CAISA Lab

NAACL2024 was great!

NAACL

Our group contributed with three works: (1) Scaling annotator modeling (2) group fairness preservation under differential privacy: https://lnkd.in/e8Kh4Y9n (3) modeling information spreader behavior

In (1), we argue that when annotation tasks are meant to encompass diversity, models shall not solely rely on the majority class label. We perform the first systematic study of the scalability of perspectivist annotator modeling methods, in which we explore tasks across 7 corpora and discuss relationships between corpus statistics and annotator model performance.

In (2), we train (𝜀,𝛿)-differentially private models with empirical risk minimization and group distributionally robust training objectives. We show that in the baseline setting under DP-SGD fairness decreases (disparity widens on between-group performance differences), however, we can mitigate this by using Group DRO optimization. In such robust setting, DP even reduces the between-group performance differences, which we explain by interpreting DP as regularization.

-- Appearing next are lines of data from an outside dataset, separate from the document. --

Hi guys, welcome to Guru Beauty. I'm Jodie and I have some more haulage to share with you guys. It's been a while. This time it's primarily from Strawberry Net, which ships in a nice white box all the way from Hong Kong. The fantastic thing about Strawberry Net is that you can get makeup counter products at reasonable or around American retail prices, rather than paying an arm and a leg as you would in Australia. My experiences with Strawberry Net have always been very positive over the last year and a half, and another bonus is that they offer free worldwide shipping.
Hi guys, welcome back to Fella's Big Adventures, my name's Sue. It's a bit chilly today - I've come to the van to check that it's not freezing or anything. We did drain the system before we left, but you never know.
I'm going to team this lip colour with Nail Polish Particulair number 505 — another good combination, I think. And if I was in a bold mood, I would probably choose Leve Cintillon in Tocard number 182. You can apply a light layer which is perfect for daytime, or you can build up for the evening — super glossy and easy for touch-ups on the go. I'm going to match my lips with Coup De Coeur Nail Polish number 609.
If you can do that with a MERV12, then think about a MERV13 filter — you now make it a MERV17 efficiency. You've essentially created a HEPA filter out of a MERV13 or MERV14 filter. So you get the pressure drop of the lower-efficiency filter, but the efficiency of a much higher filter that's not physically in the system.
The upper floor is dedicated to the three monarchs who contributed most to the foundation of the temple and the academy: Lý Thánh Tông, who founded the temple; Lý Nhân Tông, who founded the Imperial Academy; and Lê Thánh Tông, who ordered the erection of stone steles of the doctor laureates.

In (3), we show that detecting unreliable news spreading in Reddit and Twitter is more accurate when including behavioral patterns of the users.

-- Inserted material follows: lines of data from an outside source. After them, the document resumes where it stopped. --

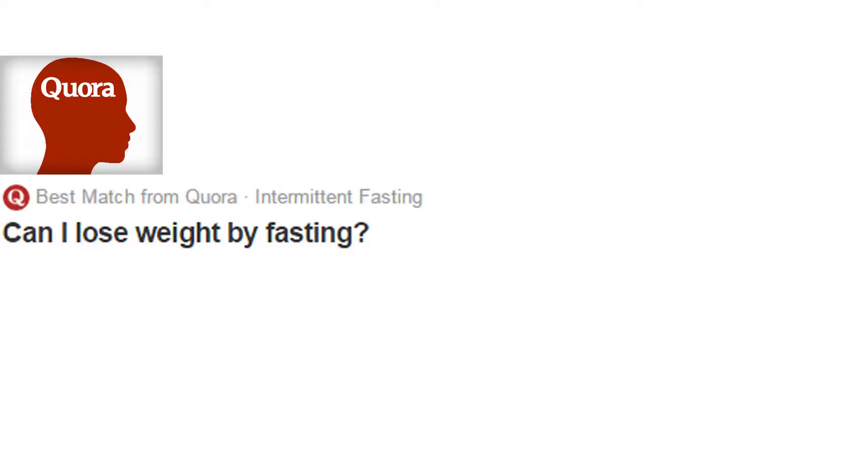Next question: "Can I lose weight by fasting?" Yes, you can lose weight by fasting, but understand you can also gain weight by fasting. You're not going to lose or gain weight predicated on fasting alone — it's not as black and white as that. It's caloric surplus that makes you gain weight, and caloric deficit that makes you lose weight.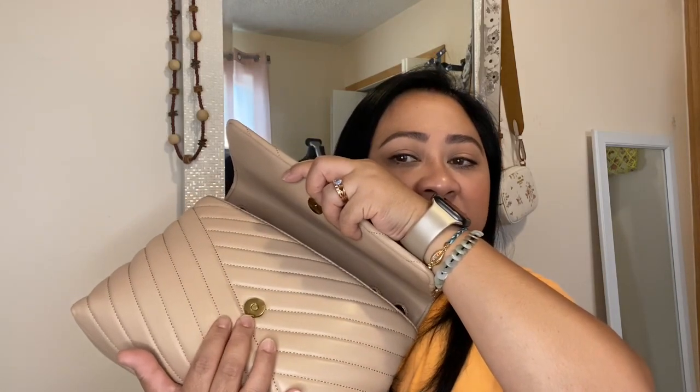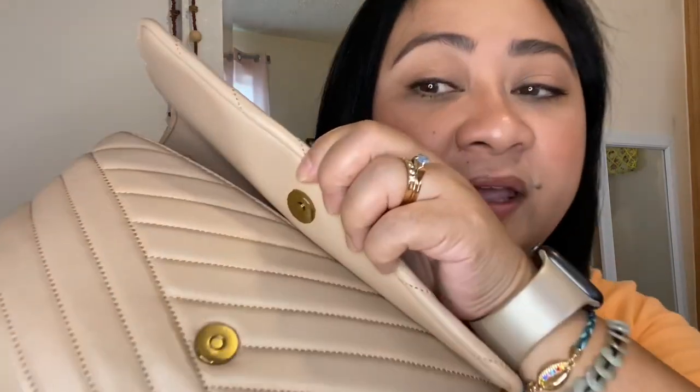Another complaint I have is the magnet — it's really, really strong and it scares me when I try to open it. I'm worried I'm going to rip the leather. I put some tape in there and I think I'll need to add more. It just scares me because it's soft leather, but it hasn't happened yet and I don't see anything actually pulling, so maybe I'm just being paranoid.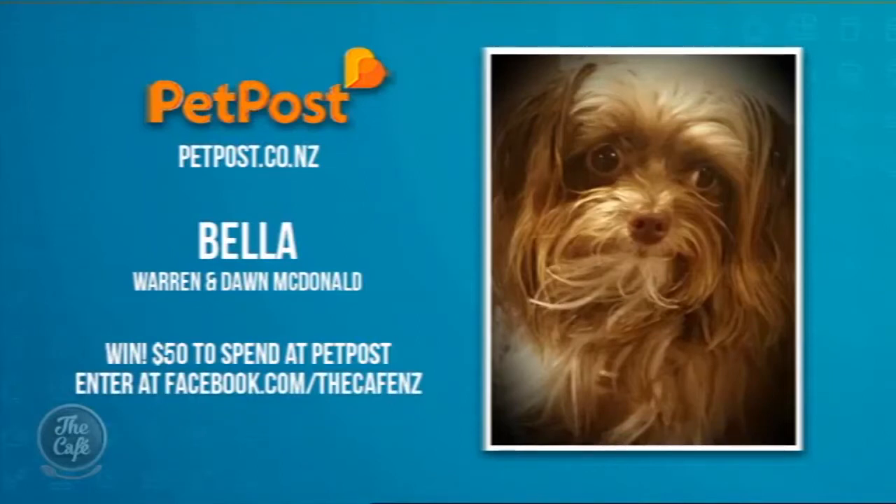And now to our pet of the week — congratulations to beautiful Bella! Look at that, it's like a professional photography shot. A $50 voucher to spend at www.petpost.co.nz is on its way to Bella's owners Warren and Dawn McDonald in Christchurch. If you'd like to enter your pet — any type of pet — just upload a pic on our Facebook page.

“Corpus Considerations for Annotator Modeling and Scaling (1)”

Authors: Olufunke O.Sarumi, Béla Neuendorf, Joan Plepi, Lucie Flek, Jörg Schlötterer, Charles Welch

Camera-Ready: Paper

In this paper, we perform the first systematic study of the scalability of annotator modeling methods and the relationship between annotator modeling methods and corpus statistics. This study systematically explores various annotator modeling techniques and compares their performance across seven corpora. From our findings, we show that the commonly used user token model consistently outperforms more complex models. We introduce a composite embedding approach and show distinct differences in which model performs best as a function of the agreement with a given dataset. Our findings shed light on the relationship between corpus statistics and annotator modeling performance, which informs future work on corpus construction and perspectivist NLP.

“Harnessing Personalization Methods to Identify and Predict Unreliable Information Spreader Behavior (3)”

Authors: Shaina Ashraf, Fabio Gruschka, Lucie Flek, Charles Welch

Camera-Ready: Paper

In this work, we show that unreliable news can be more accurately detected when using personalization. We present approaches to represent social media users in order to improve performance on three tasks: (1) classification of unreliable news posts, (2) classification of unreliable news spreaders, and, (3) prediction of the spread of unreliable news. We compare the User2Vec method from previous work to two other approaches; a learnable user embedding layer trained with the downstream task, and a representation derived from an authorship attribution classifier. We demonstrate that the implemented strategies substantially improve classification performance over state-of-the-art and provide initial results on the task of unreliable news prediction. Our results indicated that the combination of User2Vec, Task Embeddings, and Authorship Attribution embeddings outperformed individual methods, highlighting the value of integrating multiple user representation techniques.

Prof. Dr. Lucie Flek and Shaina Ashraf contributed to this article.